Death by Innovation
- odtim3
- May 30, 2021
- 1 min read
Updated: Jun 23, 2022
Are people more afraid to die today than they were, say a century ago? And has this led to less innovation?
If you consider the number of groundbreaking inventions and discoveries during the short window between 1880-1920, especially in the hard sciences, it is nothing short of astounding. The telephone, automobile, airplane, penicillin, the lightbulb and organized electricity were all invented or discovered during that short four decade window. A man who used horseback for travel, letters for communication, and later died of diptheria at age 40 could never have imagined the world that was to come.
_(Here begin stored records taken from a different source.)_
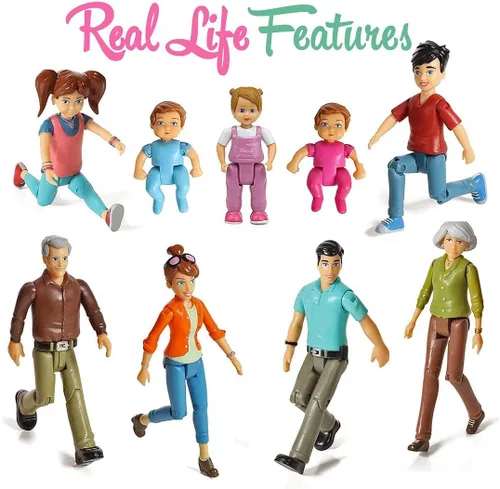 Vista 5 de Beverly Hills Sweet Li'l Family - Juego de 9 figuras flexibles para casa de muñecas: abuelo, abuela, mamá, papá, hermana, hermano, niño pequeño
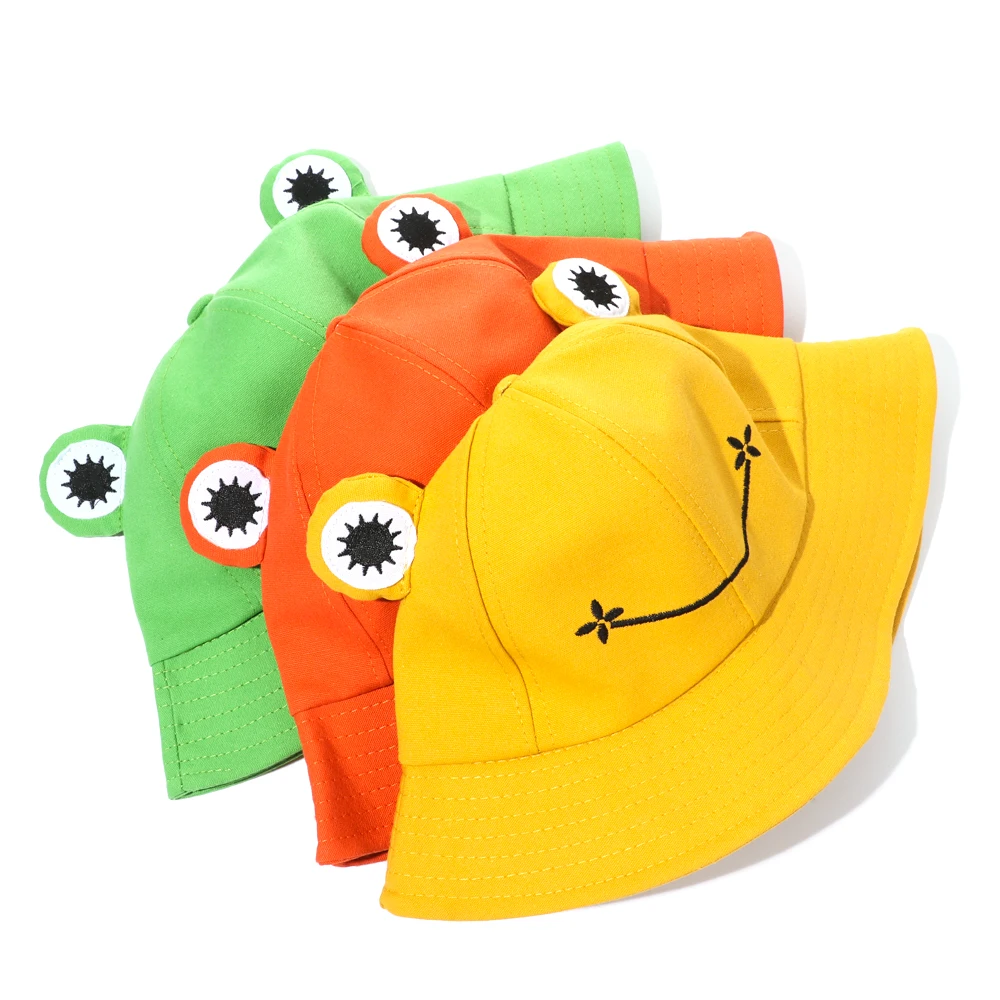 Soft Gifts Women Girls Fashion Sun Hat Frog Bucket Hats Cartoon Cap Fishing Cap ladies bucket hat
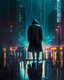 Placeholder: A striking and dramatic image of a lone figure standing in the rain, with a city skyline in the background and neon lights reflecting off the wet pavement, casting deep shadows and highlighting the figure's silhouette.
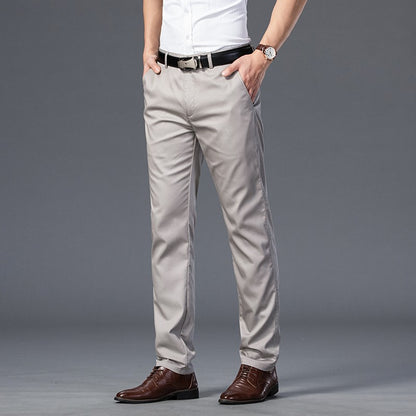 Calças Sociais Masculinas Finas para o Verão, Justas, de Algodão, Estilo Casual de Negócios, Cores Verde, Preto, Cáqui, Calças de Marca Masculinas Tamanhos 30-40
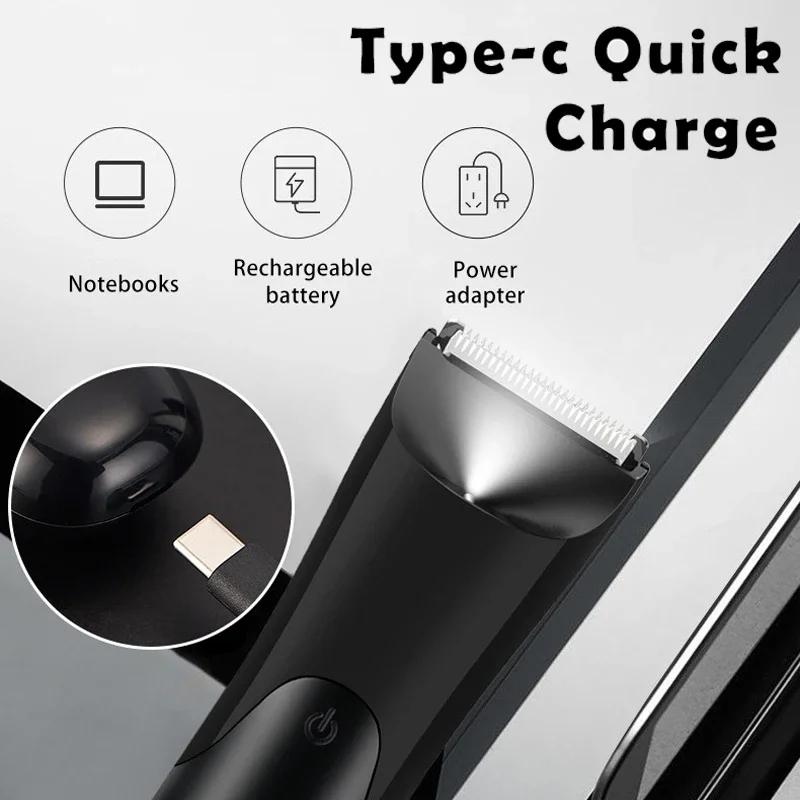 Men'S Groin Body Hair Trimmer, Electric Ball Trimmer, Includes 2 Guard Attachments, Ceramic Blade Head, Wet And Dry Shaver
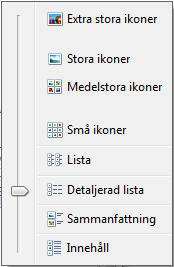 Visa menyraden Menyraden visas inte i Utforskaren i Windows 7. Tryck på Alt-tangenten för att aktivera denna.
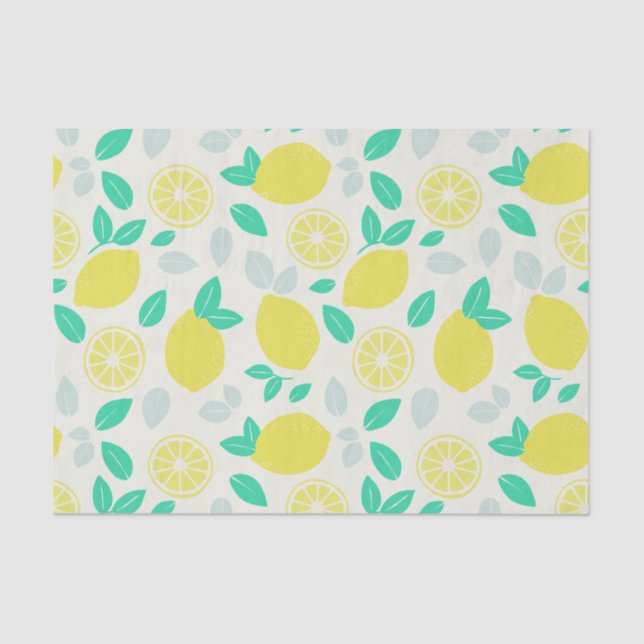Summer Lemon Muster in Cream Seidenpapier (Vorderseite)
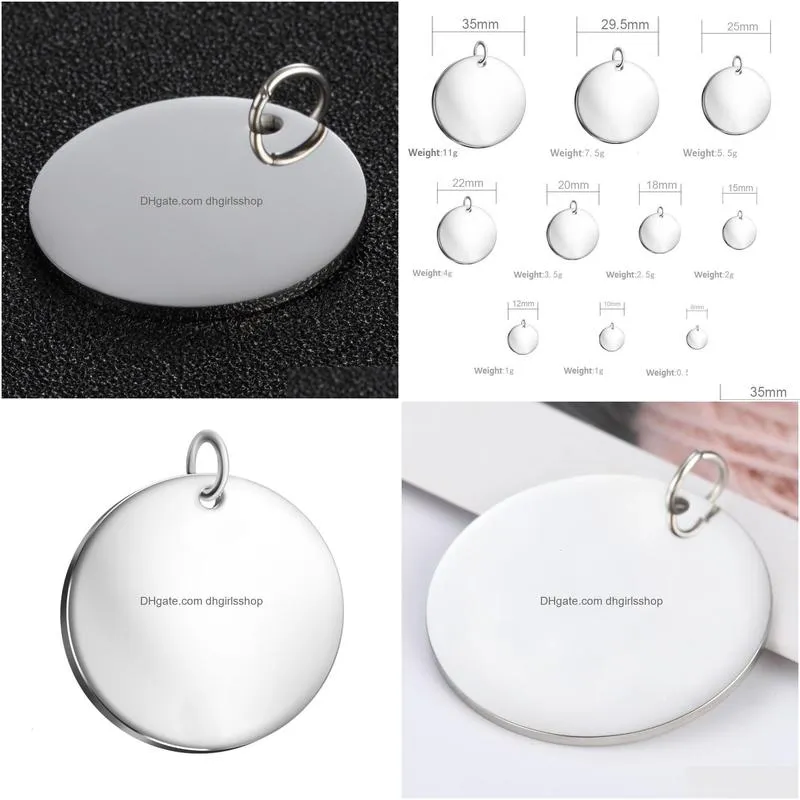 charms mylongingcharm 50pcs mirror polished blank round tag in different sizes stainless steel bracelet keychain 230131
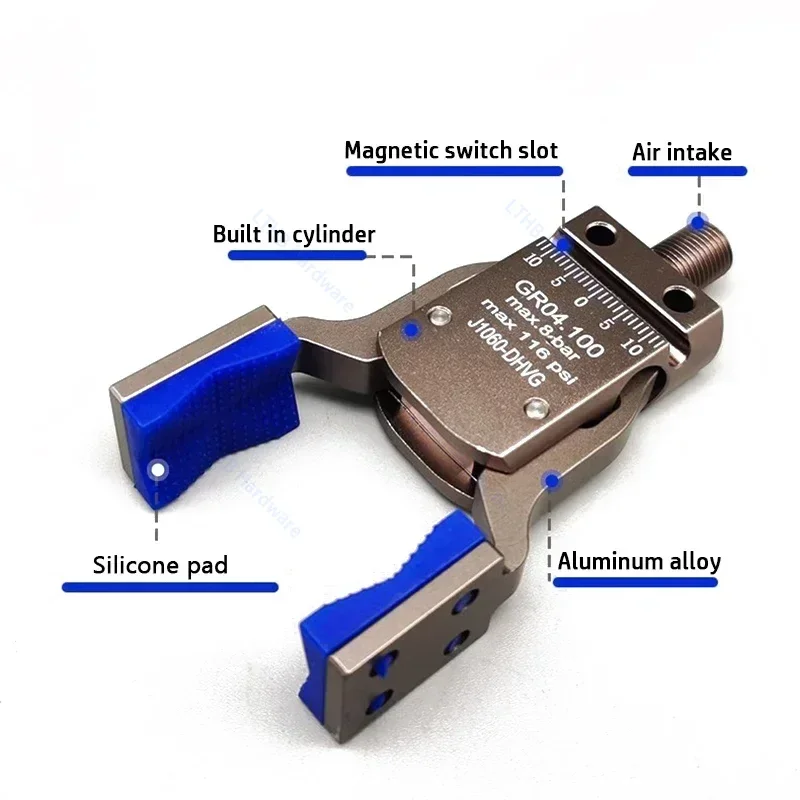 MINI Gripper with Magnetic Induction Manipulator Fixture Widening Antiskid for Injection Molding Pneumatic Fixture Accessory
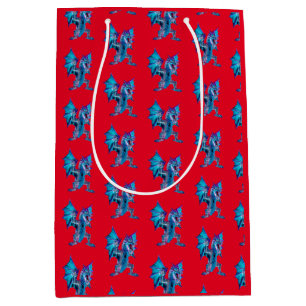Sac Cadeau Moyen Dragon de feu bleu Créature mythique fantastique A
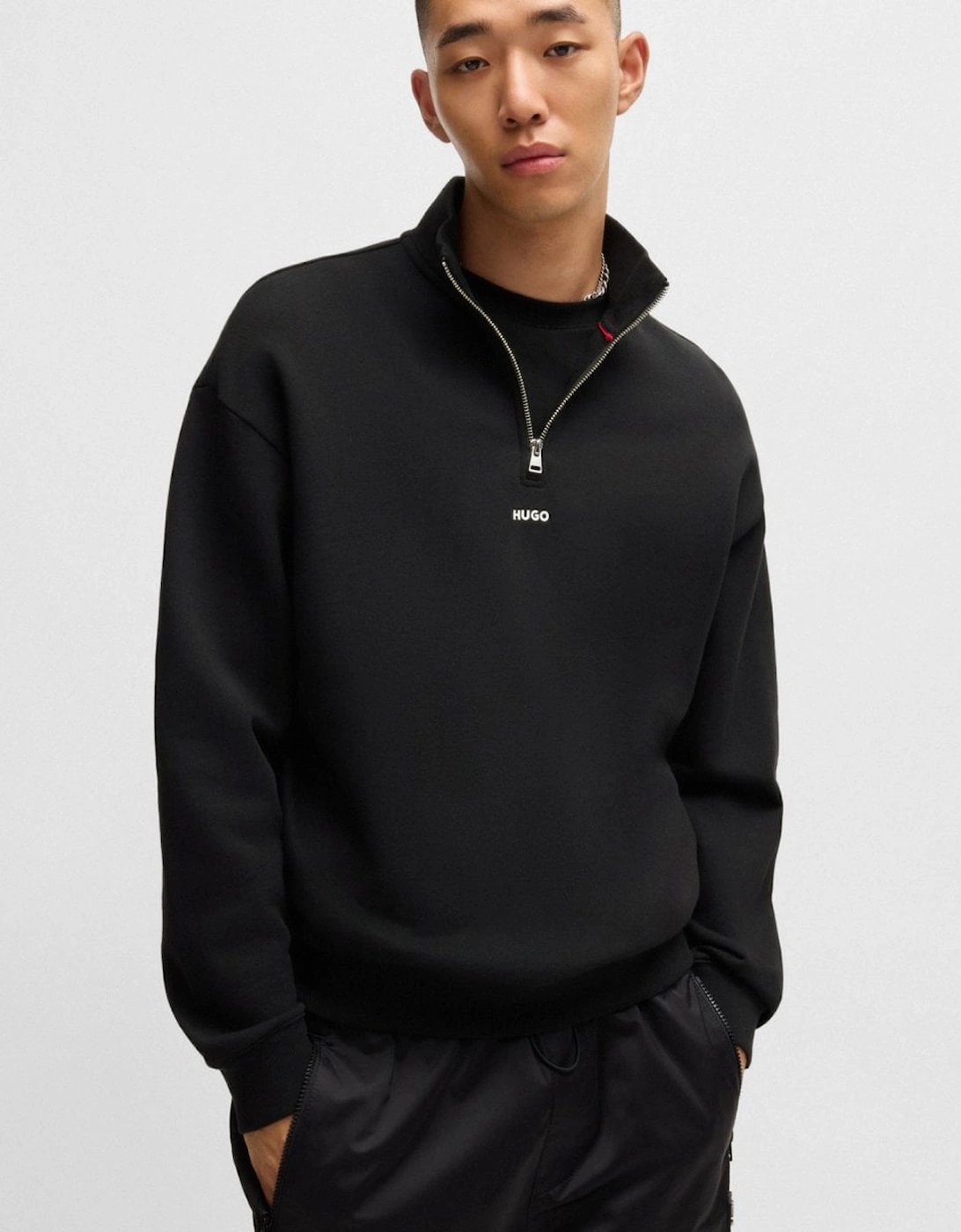 Hugo Boss Men's Black Hugo Durty244 1/4 Zip Sweatshirt - 001 - Size: 42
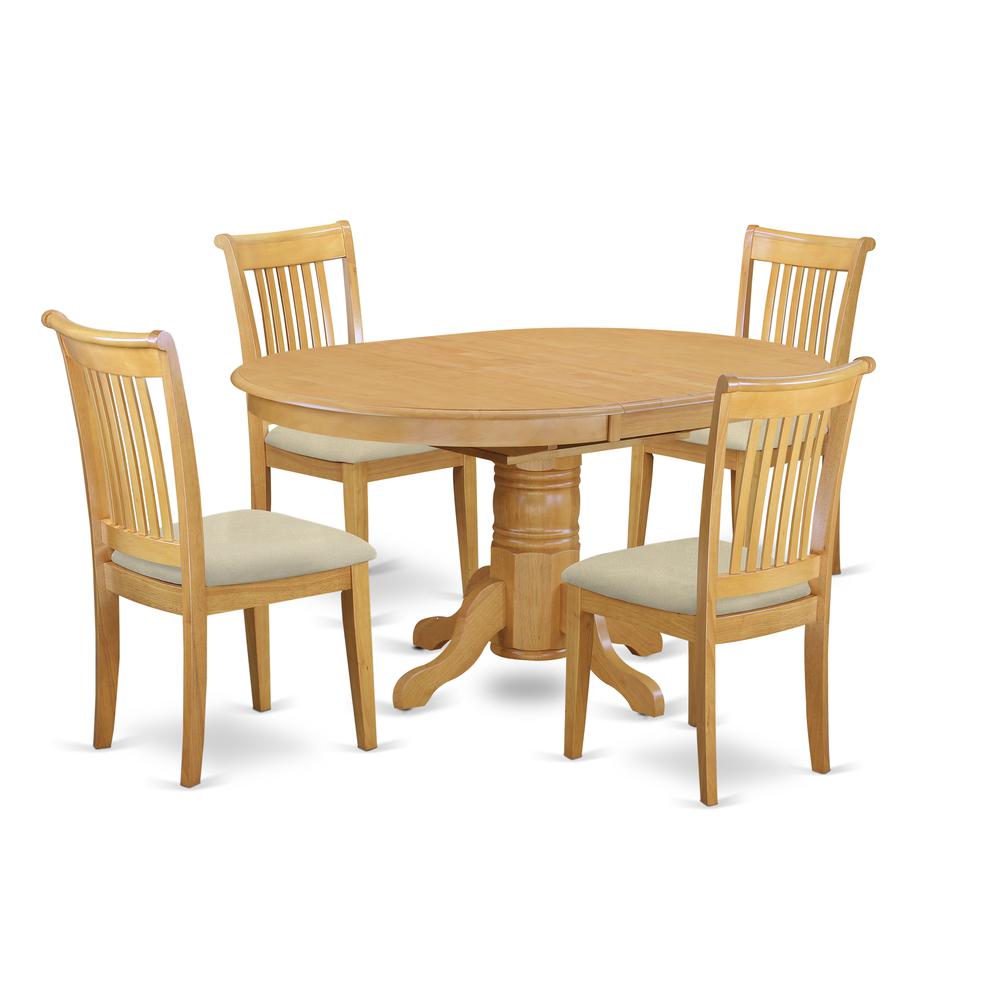 Dining Room Set Oak, AVPO5-OAK-C. Picture 1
If you extend the timeframe to include the first nuclear reaction at the University of Chicago in 1942 and then the first man on the moon less than two decades later, we can recognize a portfolio of extradirindary advancements for human kind.
These inventions were very different from the ones we are witnessing today in the early annals of the 21st century. Consider how radical change was from the handwritten letter to the telephone? Or riding horseback to flying in an airplane? Today's smartphone is an incredible tool, but is it no more than a combination of a pc and a telephone? These were leaps in innovation as compared to the incremental imporvamenets that we witness today - mainly focused on speed and size.
Many of these inventions occurred in the homes of their respective inventors or on University campuses. As Peter Thiel has written about thoroughly, there hs been a stagnation in innovaton around atoms and mechanical engineering.